Infor Public Sector uses planning condition types to define the planning conditions, or conditions of approval, on plans for large-scale construction projects, such as subdivisions or shopping centers.

These planning conditions are then passed down from a planning application to its child project and building applications to enforce the guidelines set out by the plan. For example, Infor Public Sector can automatically assign a planning condition from a parent planning application to a child building application. Members of your agency can also manually add planning conditions.

You can set up two kinds of planning condition types: informational and requirement.

An informational planning condition contains important information your agency wants to supply to applicants or staff members who might be working with an application that has the planning condition. For example, you might create a planning condition that instructs a Permitting department to waive a condition that is usually set on a building application in favor of a revised condition set forth through its parent planning application.

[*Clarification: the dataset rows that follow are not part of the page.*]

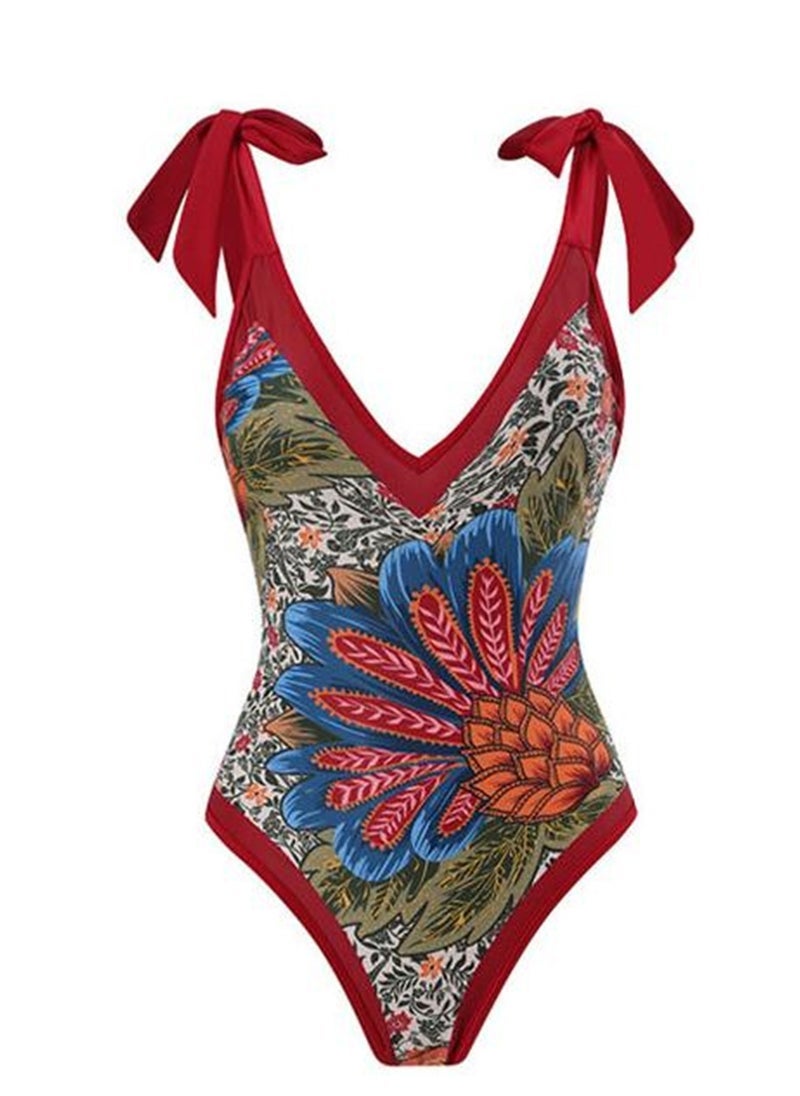 NADANBAO 2pcs one piece swimsuit lace up swimsuit maxi skirt swimsuit set - Image 3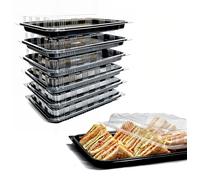 Zumart Pack of 6 Sandwich Platter Trays With lids - Reusable Plastic Catering Trays With Lids for Meal Prep, Cakes, Treats and Sandwiches (33.5cm x 24cm x 6cm)
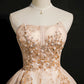 Strapless Champagne Beaded Tulle Short Prom Dress Homecoming Dress SH1698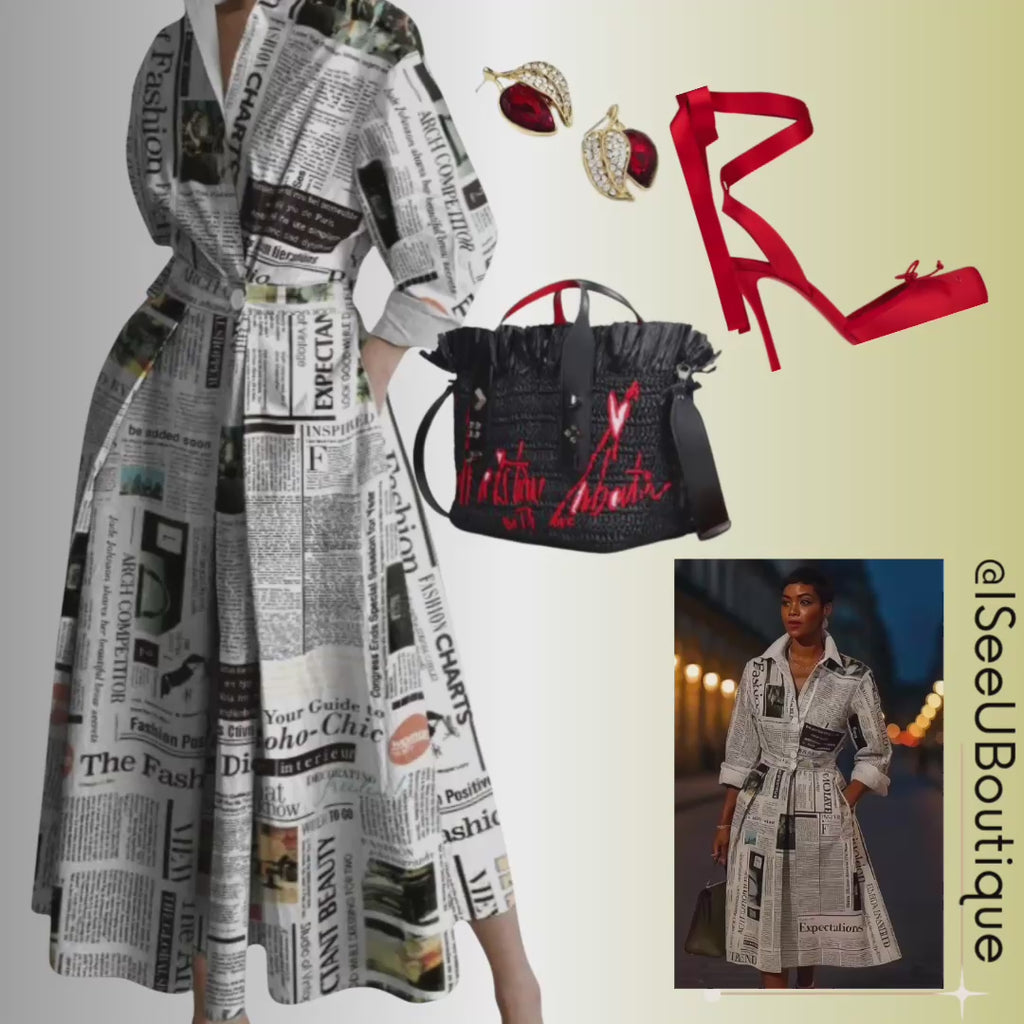 Front Page Fierce Midi Dress with Pockets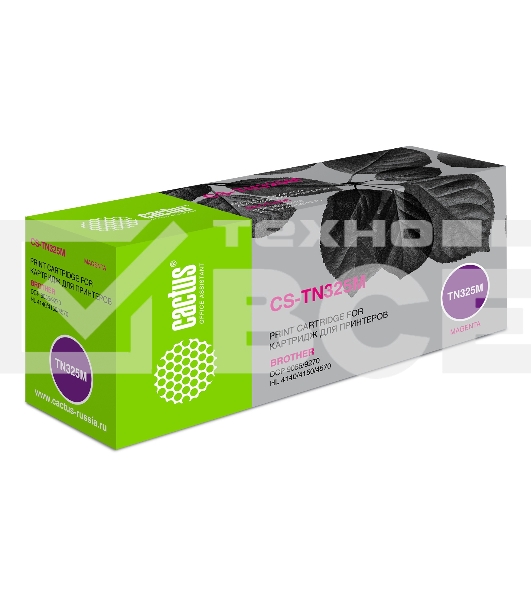 Картридж лазерный Cactus CS-TN325M пурпурный (3500 стр.) для Brother DCP 9055/9270; HL 4140/4150/4570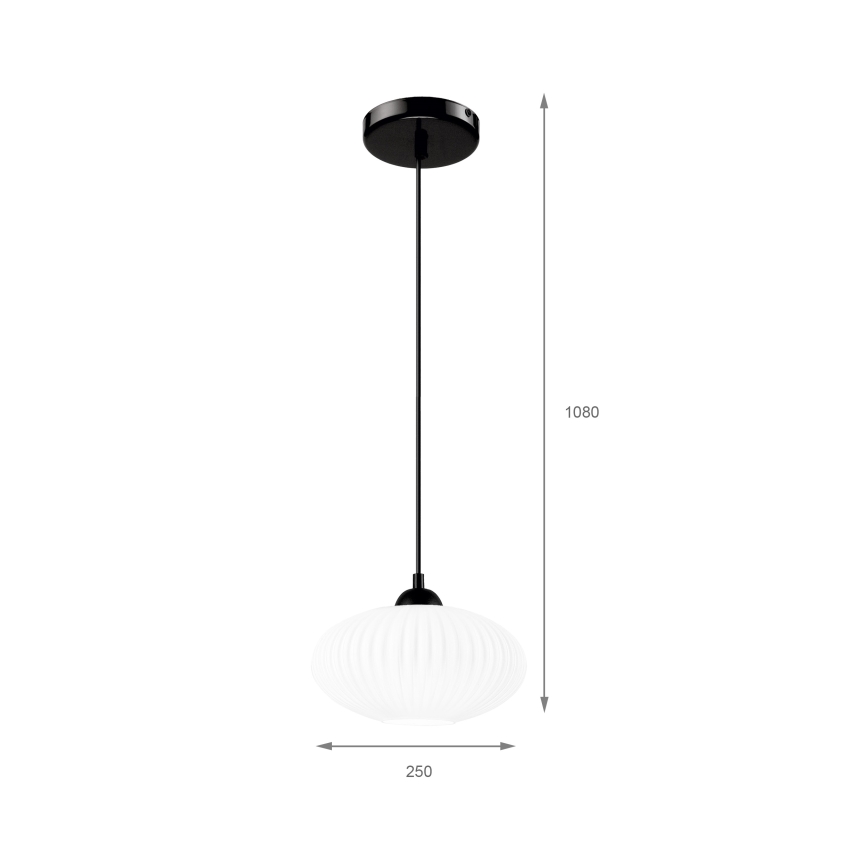 Пендел HARMA 1xE27/15W/230V Ø 25 см бял/черен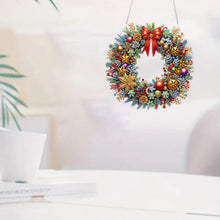 Load image into Gallery viewer, Acrylic Special Shape Christmas Wreath Diamond Painting Art Pendants for Wall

A requirement planning condition sets requirements on any application that has the planning condition. For example, you could create a requirement planning condition that halts the permitting process on a commercial complex until your department verifies that a prescribed amount of open space has been set aside.

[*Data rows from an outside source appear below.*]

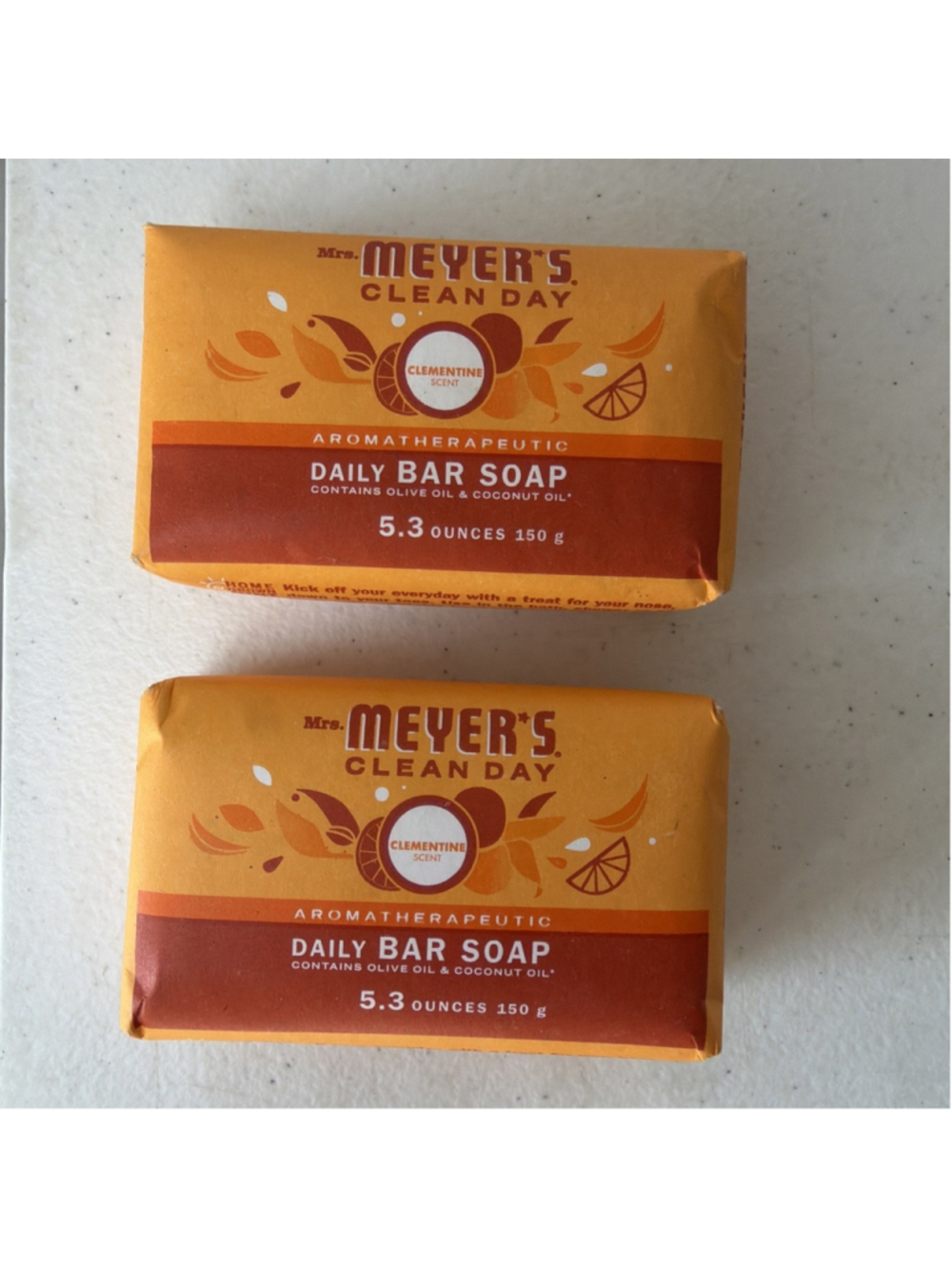 2 - Mrs. Meyer's Clean Day Bar Soap Clementine 5.3oz Cruelty Free Essential Oils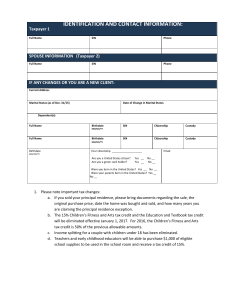 identification and contact information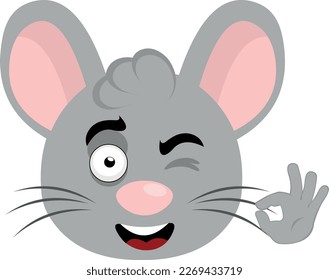 vector illustration face of a cartoon mouse winking and making an ok or perfect gesture with his hand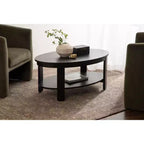 Table basse ovale en bois Foxford de Kate et Laurel, 38x24x18, noire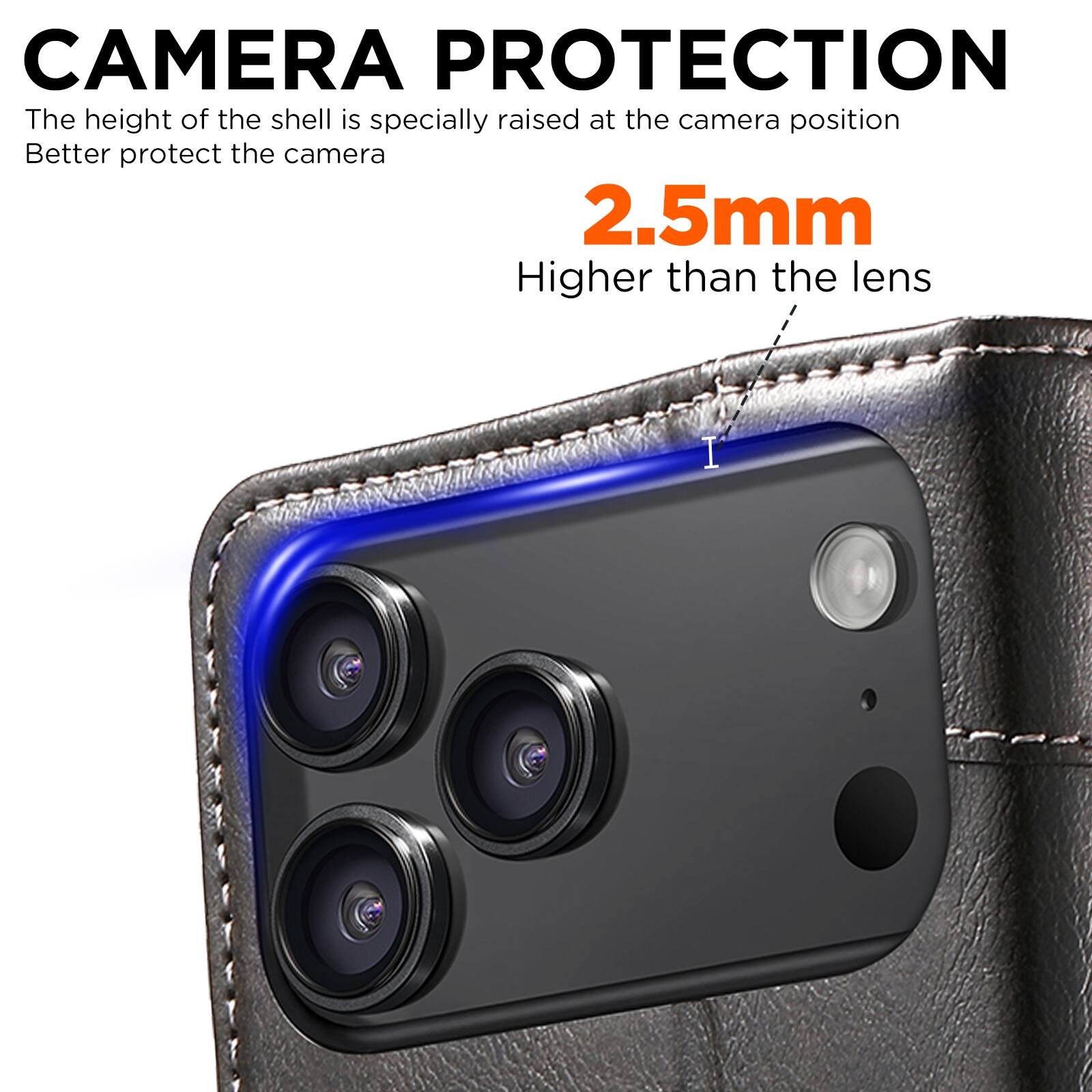 CAMERA PROTECTION  
The height of the shell is specially raised at the camera position  
Better protect the camera  

2.5mm  
Higher than the lens
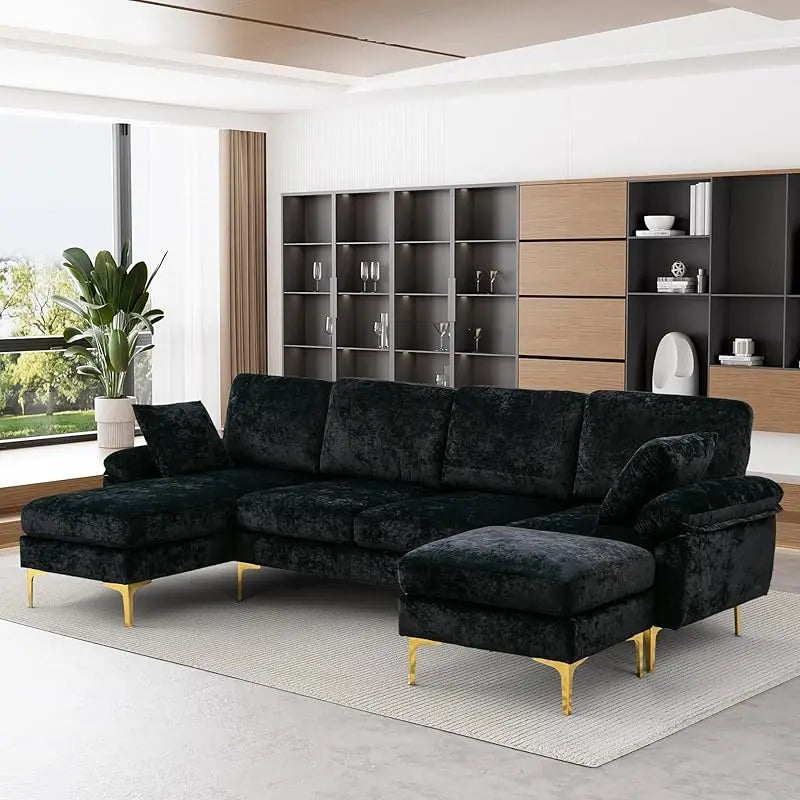 Sofa couch,4 Seat ,L-Shaped Velvet with Chaise Lounge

Planning conditions can also include inheritance rules that automatically add the planning conditions to the appropriate child applications, and activation rules that establish the deadline for the planning condition to be removed or met.

Inheritance rules, activation rules, and statuses are defined separately from a planning condition type, so you can reuse them with any planning condition.

Members of your agency with the appropriate access rights can also tailor a planning condition for individual applications without affecting its definition in the Planning Condition Library. Your agency can thus create a set of common planning condition types that can then been tailored for individual applications.